Ao longo de três temporadas da NFL, Aaron Hernandez foi uma das grandes armas do quarterback Tom Brady, também conhecido no Brasil como marido da modelo Gisele Bündchen. Com Hernandez e Rob Gronwkowski como tight ends – jogador que pode flutuar no ataque como bloqueador ou recebedor –, o New England Patriots deu dores de cabeça aos adversários, anotando 56 touchdowns – o “gol” do futebol americano – entre 2010 e 2012 com os dois.

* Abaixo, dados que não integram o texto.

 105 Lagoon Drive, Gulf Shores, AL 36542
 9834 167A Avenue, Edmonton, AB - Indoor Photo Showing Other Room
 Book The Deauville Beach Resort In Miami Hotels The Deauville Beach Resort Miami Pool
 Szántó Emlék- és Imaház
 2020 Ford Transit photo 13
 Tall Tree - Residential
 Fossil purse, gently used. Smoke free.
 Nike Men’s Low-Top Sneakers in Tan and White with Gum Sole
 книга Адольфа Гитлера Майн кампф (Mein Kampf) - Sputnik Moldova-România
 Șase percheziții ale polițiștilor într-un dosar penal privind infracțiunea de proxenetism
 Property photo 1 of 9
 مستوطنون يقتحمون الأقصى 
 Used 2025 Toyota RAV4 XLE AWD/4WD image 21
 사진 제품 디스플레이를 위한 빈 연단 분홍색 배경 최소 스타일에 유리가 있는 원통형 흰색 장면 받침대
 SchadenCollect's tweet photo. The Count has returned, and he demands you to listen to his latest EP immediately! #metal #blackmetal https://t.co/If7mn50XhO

O bom desempenho em seus três primeiros anos como profissional rendeu ao jogador de apenas 23 anos uma renovação de contrato por mais cinco temporadas e US$ 40 milhões, em 2012. Na época, Hernandez declarou que era uma “benção” ficar até 2018 no clube que o recrutou. Menos de 12 meses após o acerto milionário, ele não faz mais parte dos planos dos Patriots, e possivelmente não fará de nenhuma outra equipe de futebol americano.

MORTE, PRISÃO E REAÇÃO

Em junho passado, o corpo de Odin Lloyd, namorado da irmã da namorada de Hernandez, foi encontrado há cerca de 1,6 km da casa do atleta em North Attleboro, no estado de Massachusetts, com marcas de tiros. Como o astro do New England saiu com a vítima no dia anterior, ele foi chamado para prestar depoimentos aos policiais. De acordo com a imprensa norte-americana, Aaron não cooperou. Ele destruiu o celular e os arquivos do sistema interno de segurança da própria residência, atrapalhando a busca das autoridades por pistas sobre o caso.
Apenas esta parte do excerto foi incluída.